从Scipy CSR矩阵索引到numpy数组的最有效方法？

Question

I have a numpy ndarray X with shape (4000, 3) , where each sample in X is a 3D coordinate (x,y,z).

I have a scipy csr matrix nn_rad_csr of shape (4000, 4000) , which is the nearest neighbors graph generated from sklearn.neighbors.radius_neighbors_graph(X, 0.01, include_self=True) .

nn_rad_csr.toarray()[i] is a shape (4000,) sparse vector with binary weights (0 or 1) associated with the edges in the nearest neighbors graph from node X[i] .

For instance, if nn_rad_csr.toarray()[i][j] == 1 then X[j] is within the nearest neighbor radius of X[i] , whereas a value of 0 means it is not a neighbor.

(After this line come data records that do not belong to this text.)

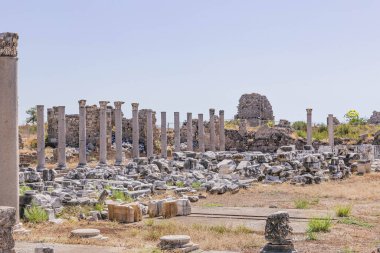 Ticaret Agora 'nın Türkiye' deki kalıntılarının panoramik görünümü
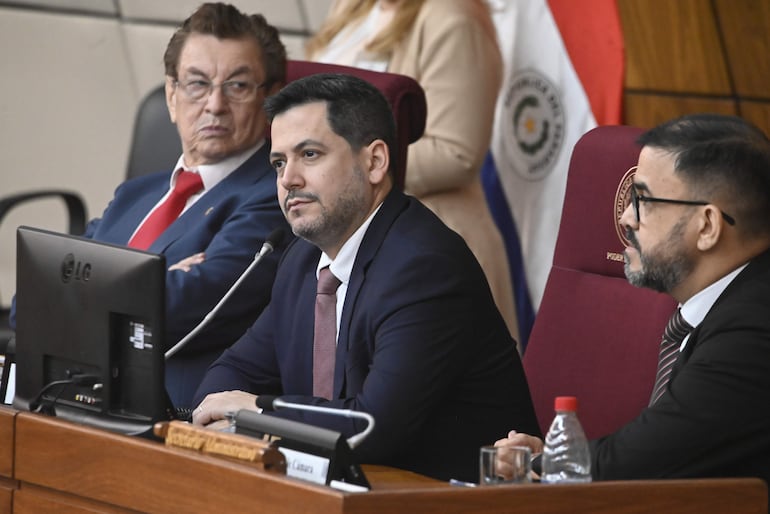 Diputado Raúl Latorre (centro), presidente de la Cámara de Diputados.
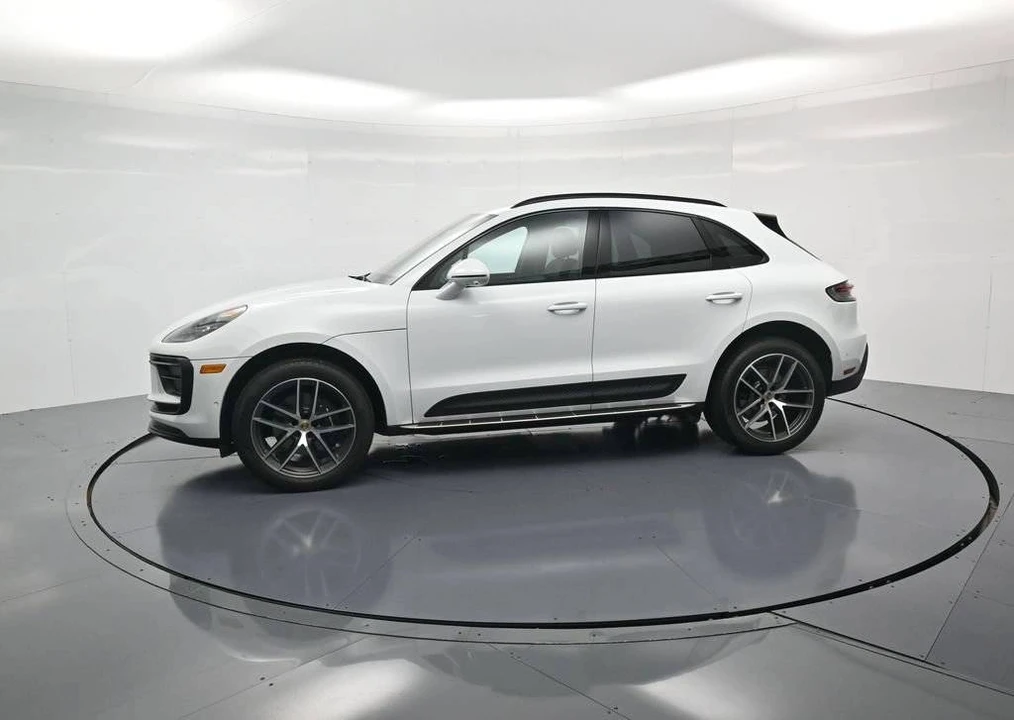 2026 Porsche Macan Electric - Image 2 of 5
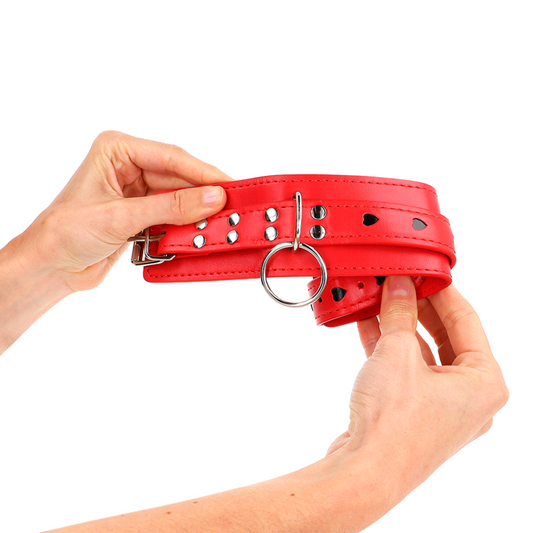 KINK - CADENA DE MUÑECA ROJA CON INSERTO DE CORAZÓN NEGRO AJUSTABLE 21-28 CM X 5,5 CM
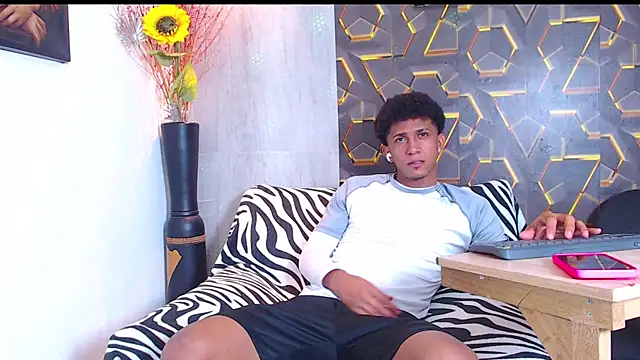 Snapshot of dominic_smith_ chatting on September 22, 10:56 pm dominic smith  online show from September 22, 10:56 pm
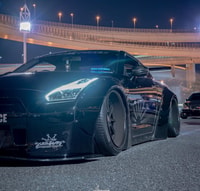 Tokio, Liberty Walk GT-R R35 Ride From Daikoku - Housity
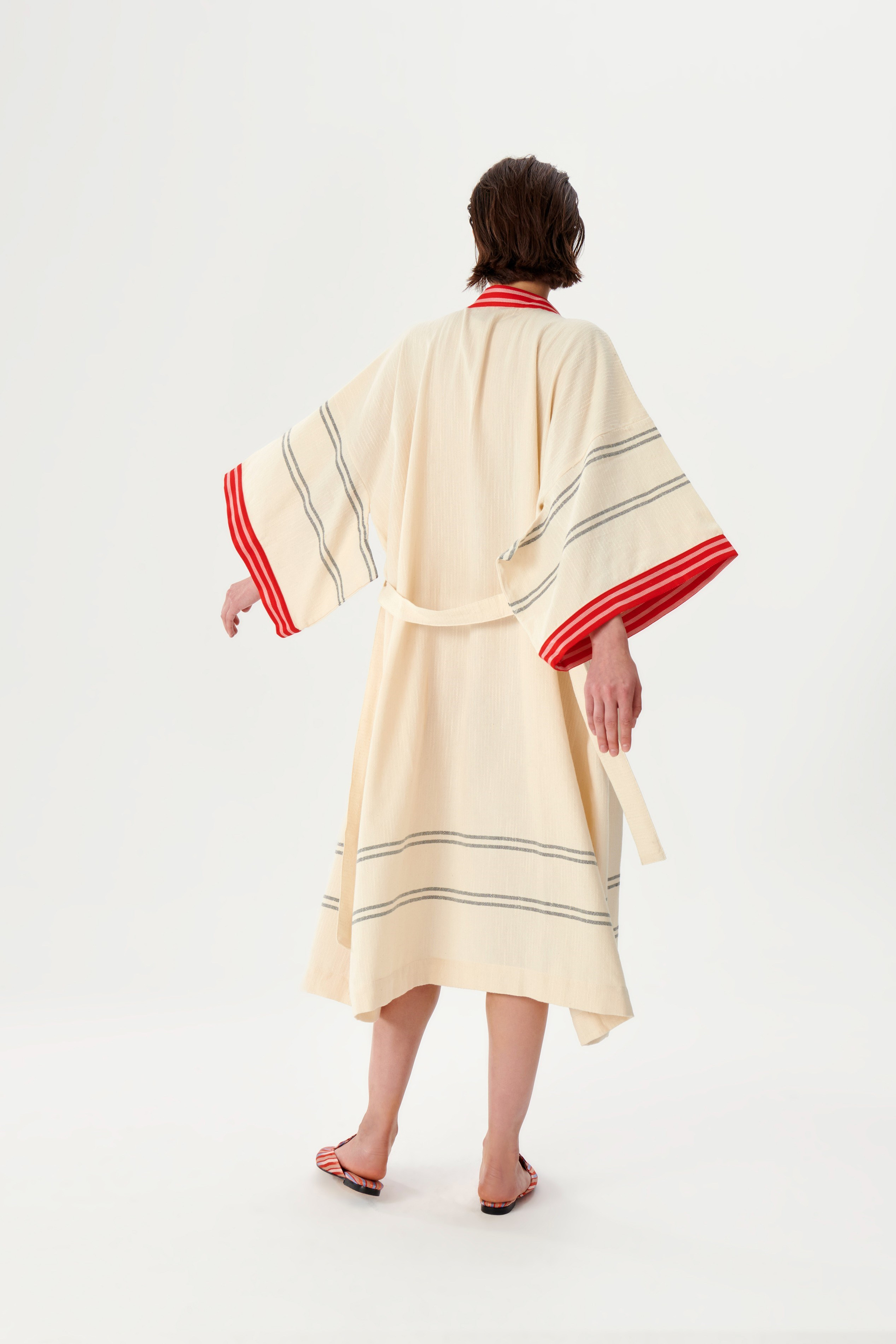 KUTNIAKrem Kimono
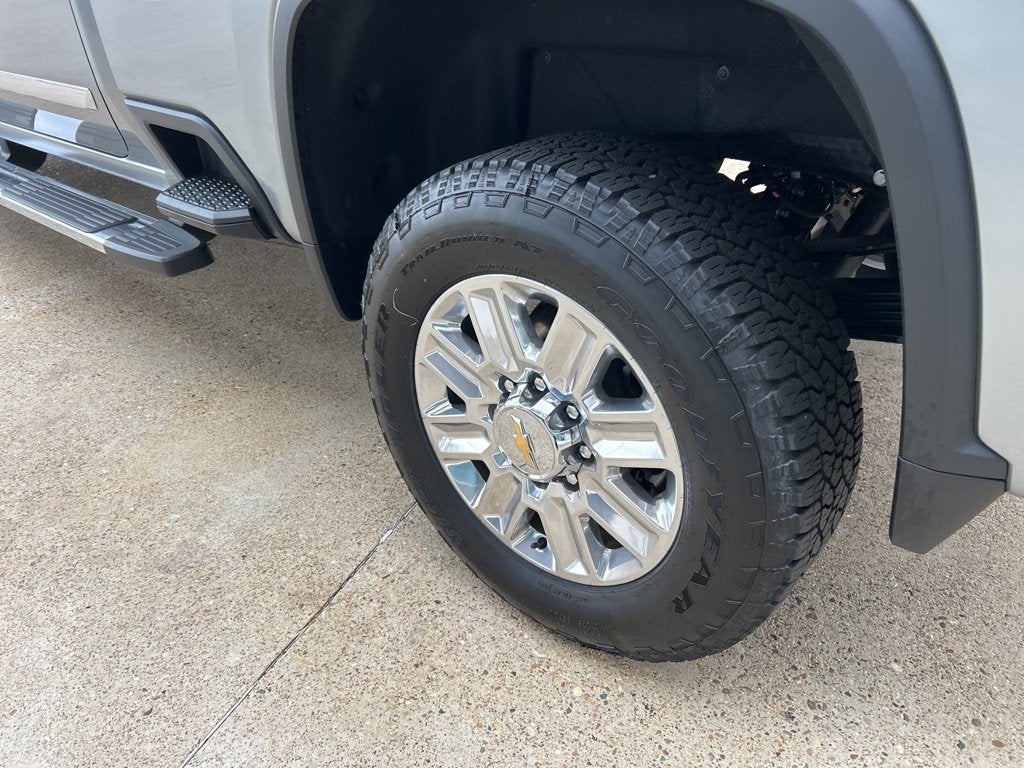 2025 Chevrolet Silverado 3500 HD High Country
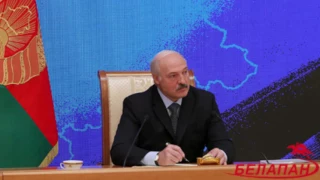 Лукашенко объяснил, почему поцеловал Коран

What I'd like to do is have a function radius_graph_conv(X, rad) which returns an array Y which is X , averaged by its neighbors' values. I'm not sure how to exploit the sparsity of a CSR matrix to efficiently perform radius_graph_conv . I have two naive implementations of graph conv below.

import numpy as np
from sklearn.neighbors import radius_neighbors_graph, KDTree

def radius_graph_conv(X, rad):
    nn_rad_csr = radius_neighbors_graph(X, rad, include_self=True)
    csr_indices = nn_rad_csr.indices
    csr_indptr  = nn_rad_csr.indptr
    Y = np.copy(X)
    for i in range(X.shape[0]):
        j, k = csr_indptr[i], csr_indptr[i+1]
        neighbor_idx = csr_indices[j:k]
        rad_neighborhood = X[neighbor_idx] # ndim always 2
        Y[i] = np.mean(rad_neighborhood, axis=0)
    return Y

def radius_graph_conv_matmul(X, rad):
    nn_rad_arr = radius_neighbors_graph(X, rad, include_self=True).toarray()
    # np.sum(nn_rad_arr, axis=-1) is basically a count of neighbors

    return np.matmul(nn_rad_arr / np.sum(nn_rad_arr, axis=-1), X)

Is there a better way to do this? With a knn graph, its a very simple function, since the number of neighbors is fixed and you can just index into X, but with a radius or density based nearest neighbors graph, you have to work with a CSR, (or an array of arrays if you are using a kd tree).

Answer 1

Here is the direct way of exploiting csr format. Your matmul solution probably does similar things under the hood. But we save one lookup (from the .data attribute) by also exploiting that it is an adjacency matrix; also, diff ing .indptr should be more efficient than summing the equivalent amount of ones.

>>> import numpy as np
>>> from scipy import sparse
>>> 
# create mock data
>>> A = np.random.random((100, 100)) < 0.1
>>> A = (A | A.T).view(np.uint8)
>>> AS = sparse.csr_matrix(A)
>>> X = np.random.random((100, 3))
>>> 
# dense solution for reference
>>> Xa = A @ X / A.sum(axis=-1, keepdims=True)
# sparse solution
>>> XaS = np.add.reduceat(X[AS.indices], AS.indptr[:-1], axis=0) / np.diff(AS.indptr)[:, None]
>>> 
# check they are the same
>>> np.allclose(Xa, XaS)
True